District Court of Appeal of Florida. Third District.
Verne L. Freeland, Miami, for appellants.
Kneale, Roberts, Kneale & Starkweather, Miami, for appellee.
Before HENDRY, C.J., and PEARSON and CARROLL, JJ.
PEARSON, Judge.
This is an appeal by the judgment debtor, Willie Elvine, and the garnishee, Miami Provision Company, from a default judgment against the garnishee. The question presented is whether the trial court properly entered judgment against the garnishee when there was pending an affidavit by the debtor for exemption of wages from garnishment. The affidavit was made pursuant to § 222.11 Fla. Stat., F.S.A. and was filed 15 days before the entry of the judgment appealed. We hold the judgment was erroneously entered and reverse.
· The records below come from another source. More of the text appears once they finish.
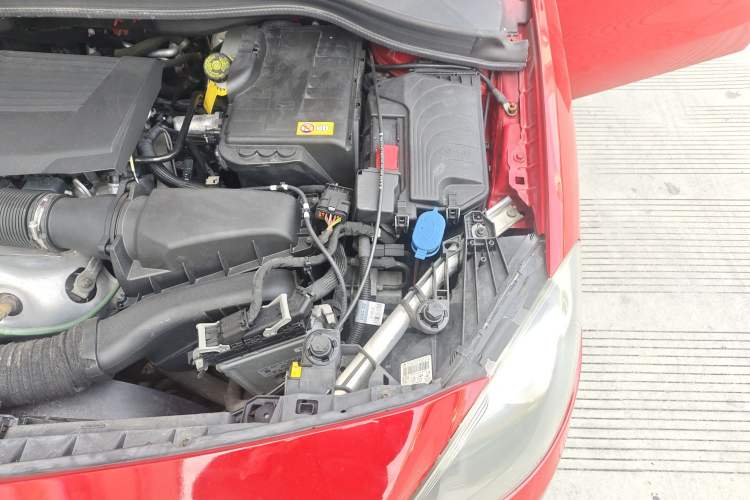 Used Mercedes-Benz B-Class 2012 B 180 Engine Bay Left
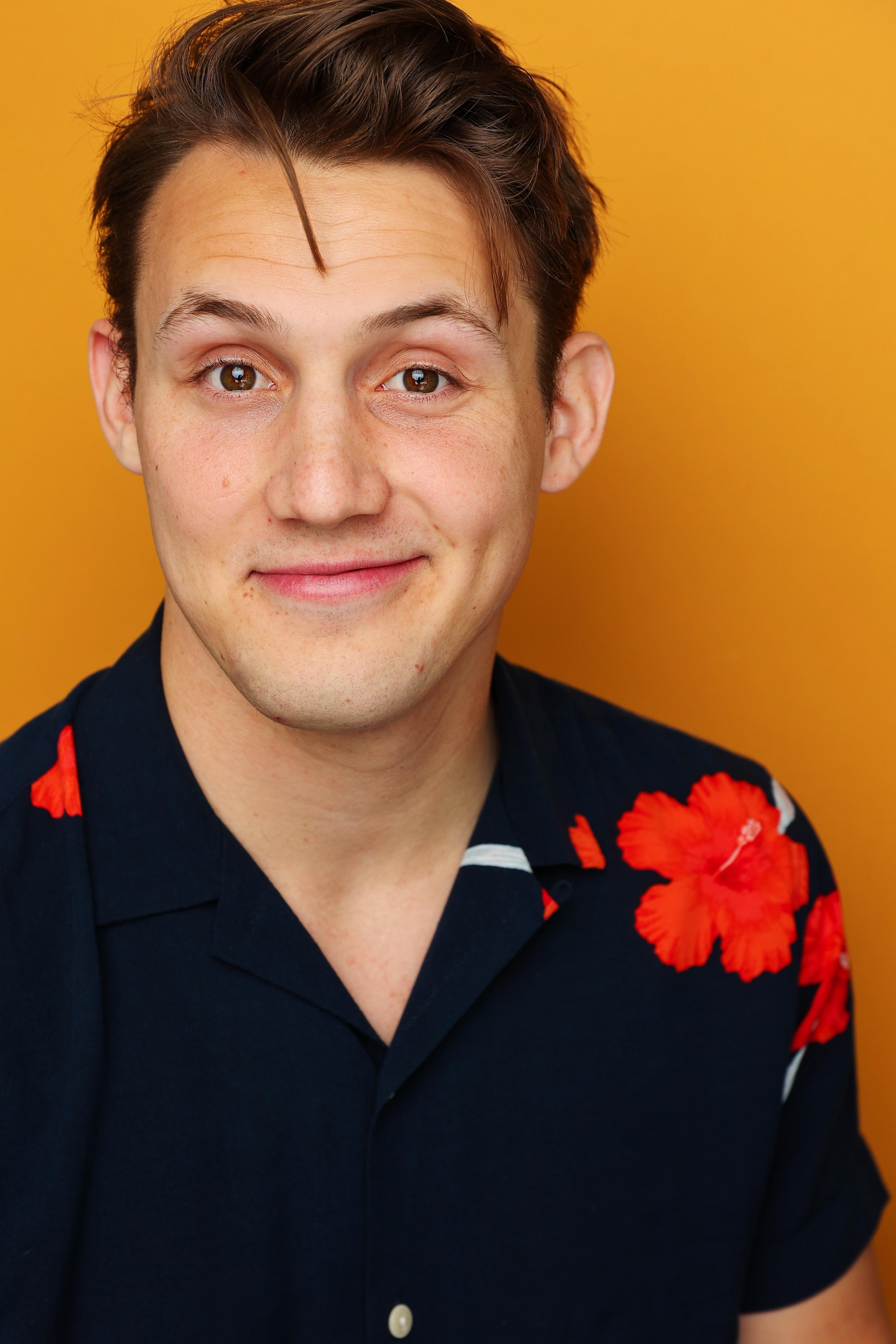 actor Charlie Bauer large photo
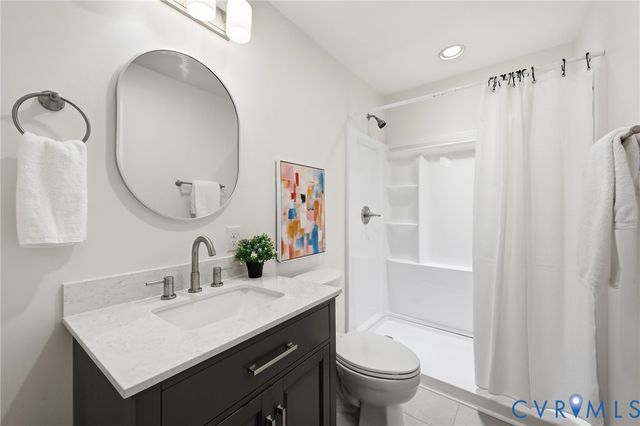 323 Washington Ave, Colonial Heights, VA 23834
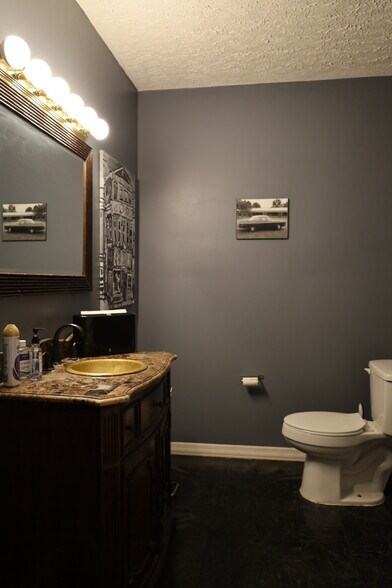 More Photos Of 613 Chillicothe St, Portsmouth Storefront Retail Office For Lease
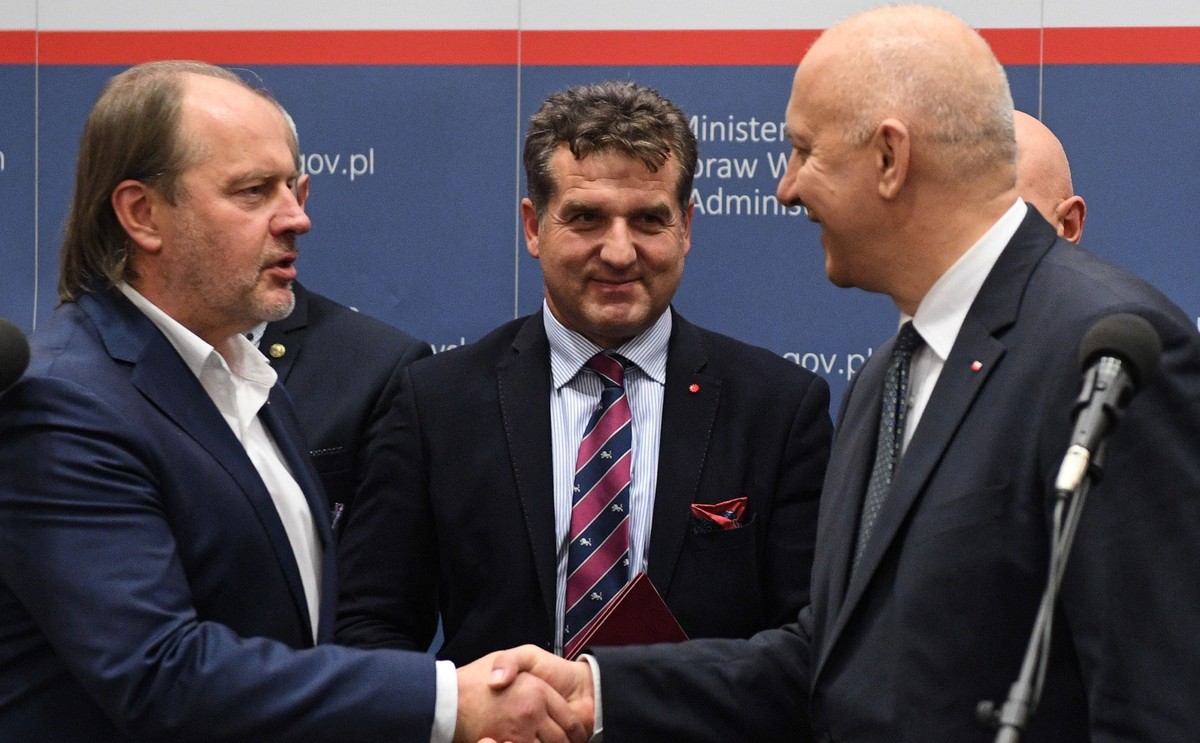 Podwyżki, pełnopłatne nadgodziny. Szczegóły porozumienia policyjnych związkowców z MSWiA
The affidavit for garnishment after judgment was filed May 19, 1966, and the writ served May 20th. The garnishee responded with a letter to the Clerk denying the existence of any indebtedness to Elvine. Appellee moved for the entry of a default *26 upon the ground that no answer under oath, as required by § 77.04 Fla. Stat., F.S.A., was filed. This motion came on for hearing on July 7th at which time garnishee tendered to the court an amended answer. On July 8th the following pleadings were filed: (1) motion to dissolve garnishment; (2) affidavit for exemption under § 222.12 Fla. Stat., F.S.A. These pleadings were served upon the garnishor with a notice of hearing for July 20th on the motion to dissolve garnishment.
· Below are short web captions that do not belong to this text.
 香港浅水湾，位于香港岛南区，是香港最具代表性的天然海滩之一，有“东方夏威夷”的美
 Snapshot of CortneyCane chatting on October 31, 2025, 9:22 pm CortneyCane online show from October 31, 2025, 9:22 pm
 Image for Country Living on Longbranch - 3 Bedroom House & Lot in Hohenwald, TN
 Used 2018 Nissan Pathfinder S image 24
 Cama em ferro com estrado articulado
An order granting default against the garnishee was entered on July 11, and on July 21st an order was entered denying the motion to dissolve garnishment. On the same day the default judgment was entered. It is from this judgment that this appeal is taken.
Appellee urges that as soon as his motion for default was heard it merged with the garnishment proceeding, and therefore the debtor's affidavit of exemption did not affect the garnishee's default. This reasoning does not stand when one considers that the motion for default grew out of the garnishment action. The default should fall when grounds are shown for an exemption from garnishment. It is sufficient to point out the language of § 222.12 Fla. Stat., F.S.A., providing for proceedings for exemption of wages from garnishment: "* * * and if the facts set forth in such affidavit are not denied under oath within two days after service of said notice, the process shall be returned, and all proceedings under the same shall cease." It should also be noted that the affidavit for exemption was filed one day after the hearing on the motion for default, and three days prior to the order granting default.
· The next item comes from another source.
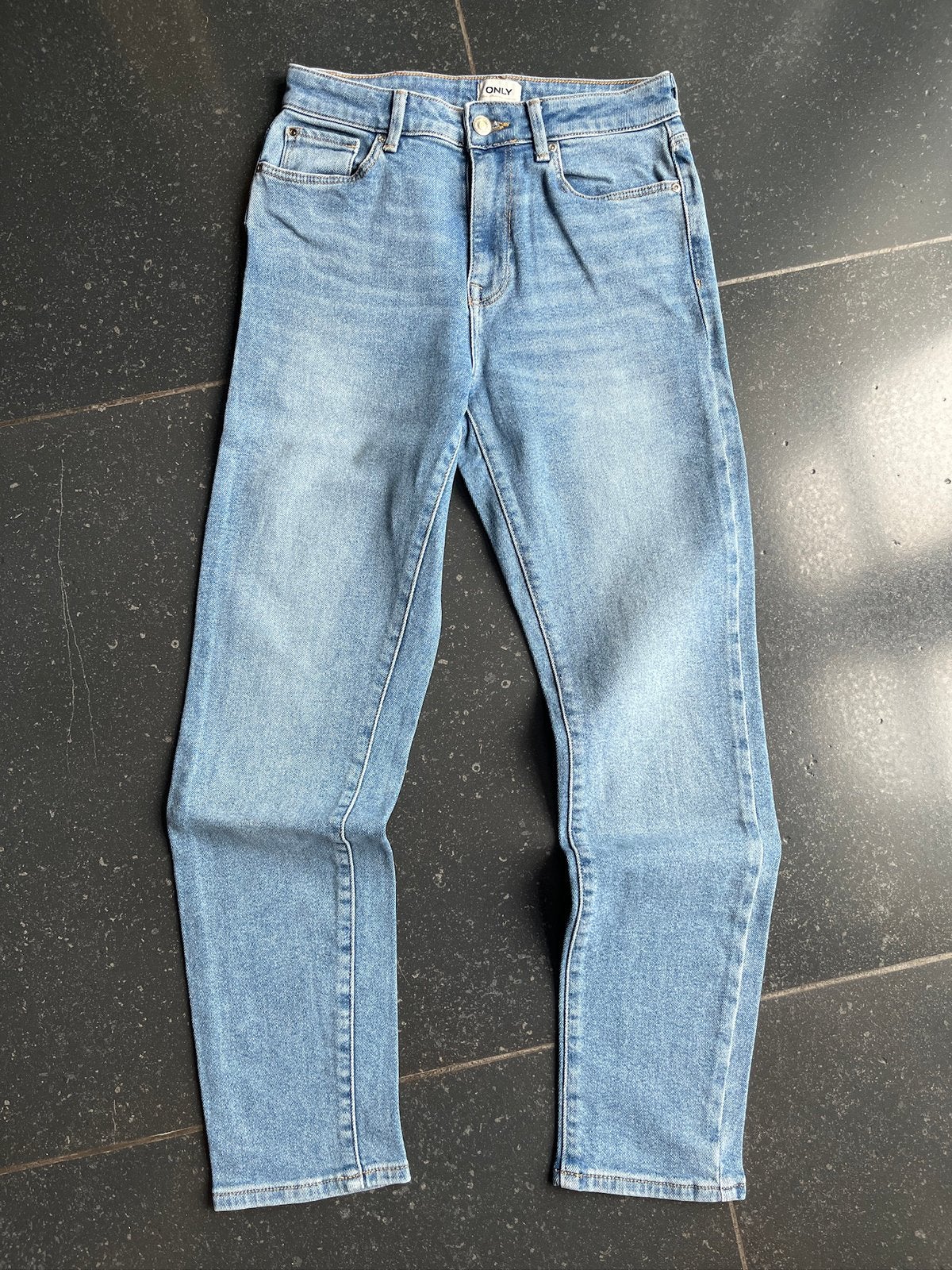 Dames / meisjes spijkerbroek / jeans van Only mt 27 / 34, Ophalen of Verzenden, Zo goed als nieuw, Blauw, W27 (confectie 34) of kleiner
The facts set forth in the affidavit were not denied. The affidavit was served upon the "party who sued out the process". Therefore the appellee, garnishor, was not entitled to proceed further in the action except by filing the statutory denial and seeking trial thereon.
Appellee's argument that the garnishor should not have the benefit of the affidavit is unavailing.
Its reliance upon the language in Ser-Nestler, Inc. v. General Finance Loan Company, Fla.App. 1964, 167 So. 2d 230, is misplaced. In that case the contention for the exemption was made by the garnishee. Here we have the affidavit of the debtor.
The exemption is for the benefit of the debtor, and its benefit may only be accorded to him by the statutory termination of the proceedings. Exemption statutes should be liberally construed in favor of the debtor. The very purpose of the statute is to preserve to the unfortunate debtor and his family a means of living without becoming a charge upon the public. See Patten Package Co. v. Houser, 102 Fla. 603, 136 So. 353 (1931); Farland Loan & Savings Co. v. Pittman, 108 Fla. 442, 146 So. 554 (1933); Slatcoff v. Dezen, Fla. 1954, 76 So. 2d 792.
Reversed and remanded with directions to quash the writ of garnishment.